Sitting in a tiny pink camping chair at home, Onkarabile nods enthusiastically. “I really love beautiful shoes and I want them. But with this machine I can’t go anywhere. And people will also stare at me.” The frail child often coughs and seems to struggle to breathe, even with the help of the machine. As she rubs her daughter’s back and fixes the tubes going into her nose from the machine, Tumelo tells of the strain Onkarabile’s condition has put on the family’s already stretched finances. The pair survive on the R380 monthly child grant they receive.

For the remainder, they rely on help from Tumelo’s mother, Maria, (46), and support from friends and neighbours. Her mom has been her rock, Tumelo adds. She hasn’t heard from Onkarabile’s father since the baby was six months old. “It’s been very difficult,” she adds. “Without my mother I don’t know where I would be today. She supports me emotionally and financially but sometimes if we run out of electricity, neighbours, church members and friends will come to our rescue.

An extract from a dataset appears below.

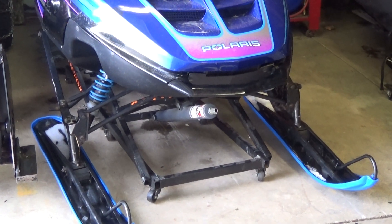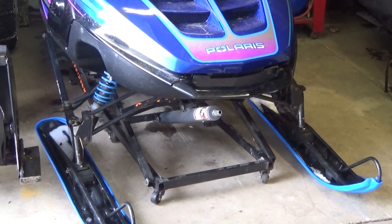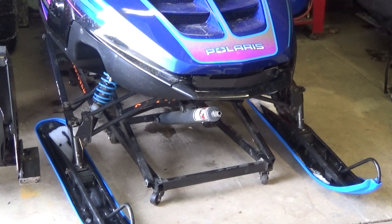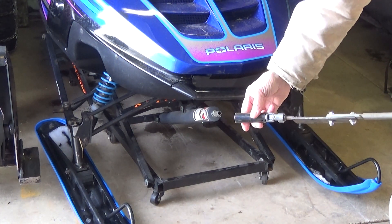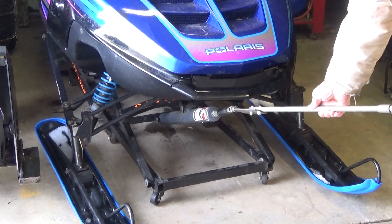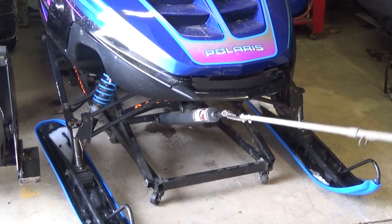We're going to put this crank handle on that jack. It's pretty self-explanatory, but I'll let you see it in action. There's the end of it with the 11/16ths socket. Slide it over this end of the jack like that and it turns, very easy.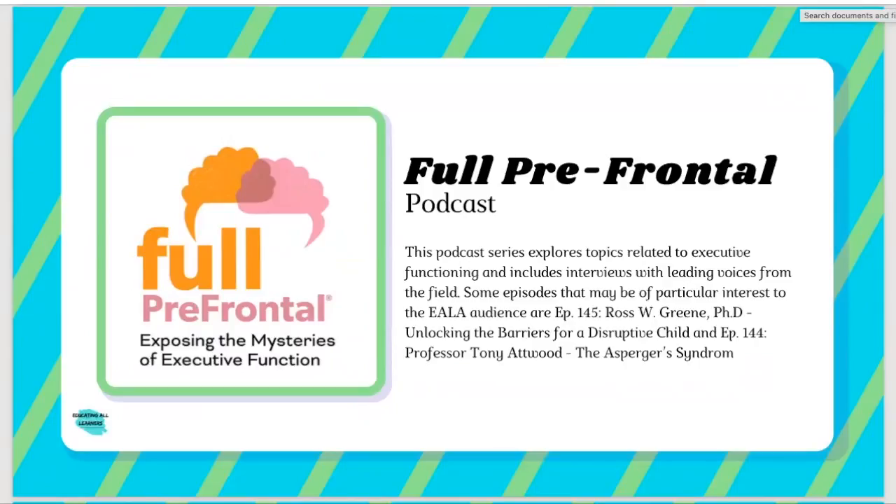The first thing we have is a podcast called Full Prefrontal. This is a podcast all about executive functioning, which we know can be a struggle for many students, including those with disabilities. The reason we highlighted this out of all the executive functioning resources on the site is that it approaches the topic in a number of really interesting ways, mostly through interviews with experts from the field. It also approaches it sometimes from a family lens, so you may find resources in this podcast that you can share with families to make life a little easier not only in the classroom, but also at home.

I don’t know how my child would have survived otherwise.” When they run out of power and have no money to get more, Onkarabile ihas to be hooked up to the mobile cylinder.

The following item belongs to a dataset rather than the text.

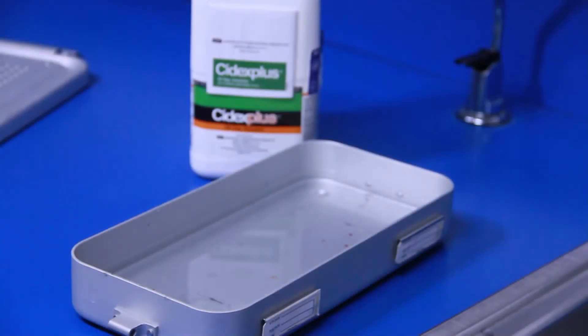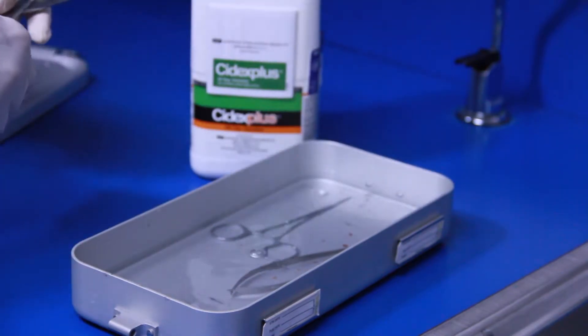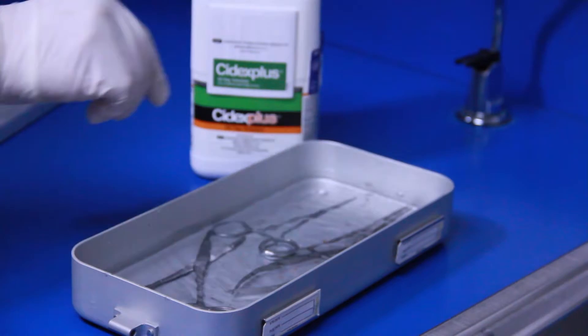Cold sterilization involves soaking instruments in a cold sterilant like Cydex for at least 10 hours. This process may be detrimental to fine instruments.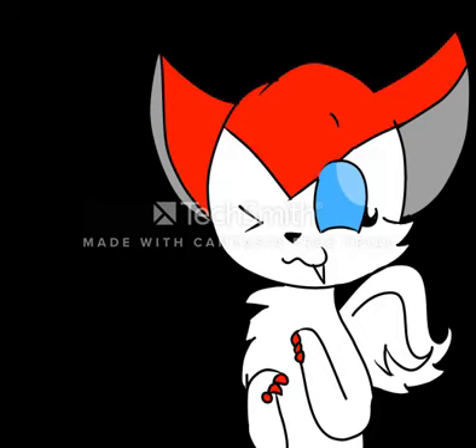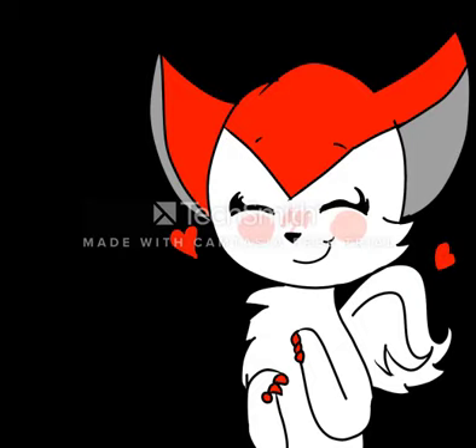Hey everyone, Sammy Shane and Victini here, joining the bandwagon of OC reviews. My sprites were made by Strawberry Bunnies on DeviantArt — thank you! And just for that, we are reviewing one of her OCs.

Once the oxygen supply in the tank is exhausted, the Jubilee District Hospital in Hammanskraal has to deliver a new one. The oxygen tank uses about R500 electricity every month, Tumelo says, and they simply can’t compromise on it as its Onkarabile’s lifeline. Tumelo says that even hospital visits are a nightmare with the cylinder. “Sometimes I cry because some of the taxi drivers refuse to let us in, complaining about the cylinder or the machine. Some think I’m carrying dangerous gas. “I don’t know what to do anymore. I am afraid of taking her to school because children can be naughty. I don’t know what might happen to her, what if they pull or cut off the tubes from the machine?” she says.

Onkarabile’s name means “an answer to my prayers” – but ever since she was born, her mom has said prayers for her every night. Tumelo was overjoyed when she was told she had a daughter after giving birth at Jubilee District Hospital. But her joy was short-lived. Doctors told her the tiny baby had breathing problems and she had to be kept in the hospital for two weeks due to bronchopneumonia.

She was later transferred to Steve Biko Academic Hospital where she was treated and recovered well. For three years she had no serious health issues – but then her breathing difficulties returned and she was eventually diagnosed with miliary TB, a type of TB that occurs when a large number of the bacteria travel through the bloodstream and spread throughout the body.

This is often an inherited condition that presents in childhood, according to Dr Vhutshilo Netshituni, a medical professional based in Polokwane. It’s difficult to say how long Onkarabile will have to depend on the machine for breathing. She could need it for the rest of her life. Miracles can happen, Dr Netshituni says, but if the lungs are badly damaged Onkarabile may not live a normal life.

Dr Netshituni says that it’s hard to say whether a lung transplant would work for the little girl. It all depends on the extent of the damage and her recovery over the next year or so. Dr Ziyanda Vundle, a community medicine specialist based in East London, says if Tumelo had miliary TB while pregnant and was not treated, it’s possible the foetus may have become infected since it spreads via the bloodstream.

“Otherwise children get infected after birth due to exposure to TB at home.” Miliary TB can take up to a year to treat, which is small consolation for the Mamorobela family, who might have to keep little Onkarabile home for the rest of the school year.

Tumelo is investigating the possibilities of her daughter attending a special school for children with disabilities in Johannesburg and a community member is assisting her, she says. And so for now, the closest she gets to freedom is watching the world pass by her window.